Satisfying debian JDK package dependencies

I prefer to run the Sun JDK on my debian servers but this presents a bit of a logistical inconvenience. Because debian now packages OpenJDK instead, all the other Java packages depend on it. What I’d really prefer to do is manually install the (non-packaged) Sun JDK and tell dpkg that the JDK dependency is satisfied so I can still install any java tools directly via apt.

(There is a java-package in debian which is meant to address this by converting the JDK download into an installable package, but unfortunately it appears to always be sufficiently behind in its JDK version support that it has never worked for me.)

Luckily there is an easy way out. I didn’t find an explicit how-to on doing it so writing down these notes for my (and perhaps your) future benefit.

Install the equivs package:

# apt-get install equivs

Create a template for a ‘jdk’ package:

# equivs-control jdk

Edit that template so it provides the necessary content.
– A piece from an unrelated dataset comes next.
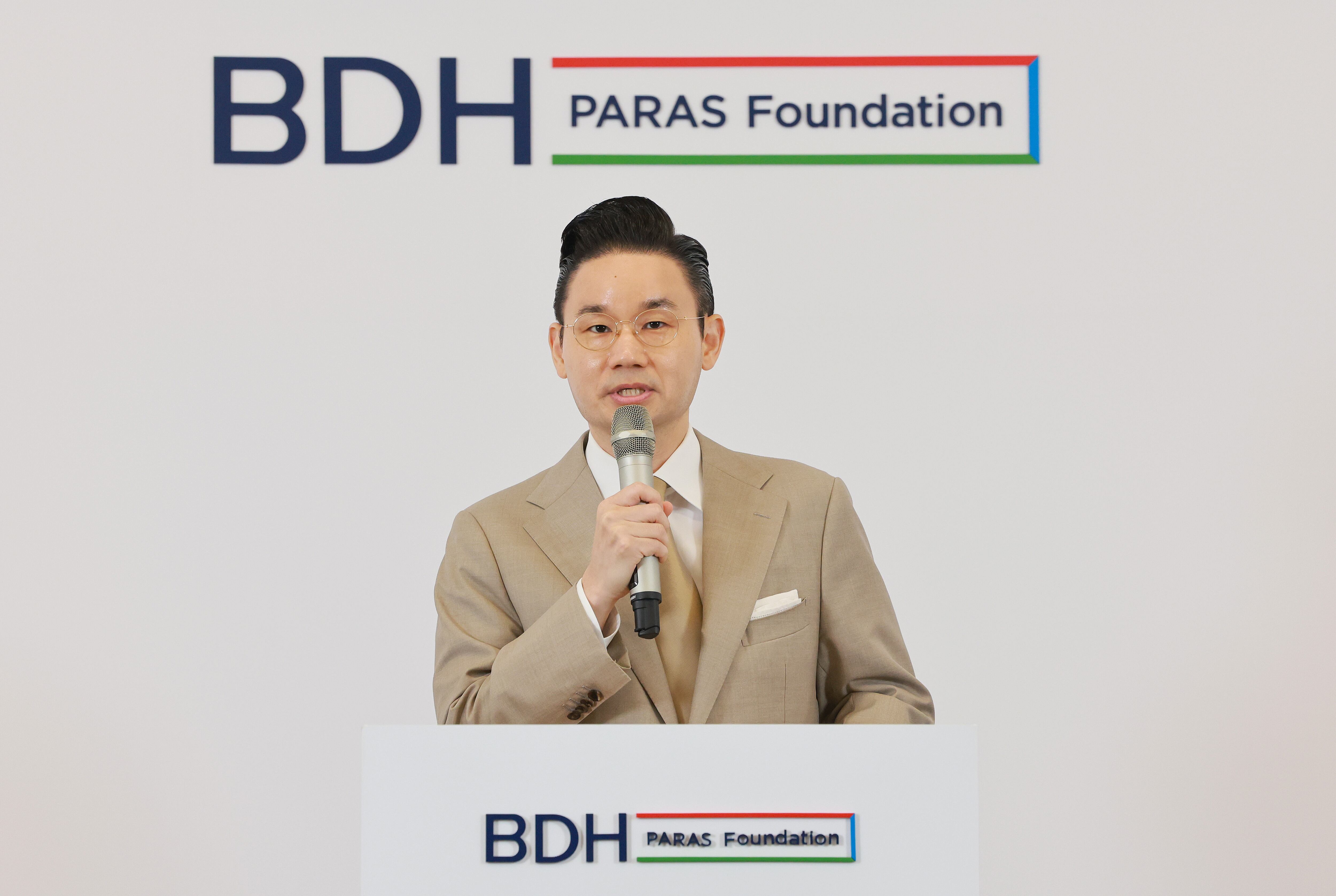 배동현 이사장 <b>IPC 위원장 낙선</b>… 파슨스 위원장 3선 성공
Adjust this to specific needs on a given system but this is what I’m using currently (if you use this as-is there’s no need to create the template above, but it is useful to see what fields it provides, perhaps they change over time):

Section: misc
Priority: optional
Standards-Version: 3.9.2
Package: manual-jdk
Version: 1.7
Depends: java-common
Maintainer: <root@localhost>
Provides: java6-runtime-headless, java-compiler, java-virtual-machine, java2-runtime, java2-compiler, java1-runtime, default-jre-headless, openjdk-7-jre-headless, openjdk-7-jre-lib
Description: Manually installed JDK
 JDK was installed manually. This package fulfills dependencies.

Then, build the placeholder package:

# equivs-build jdk

This will produce a .deb package named after the info in the above template, ready to be installed.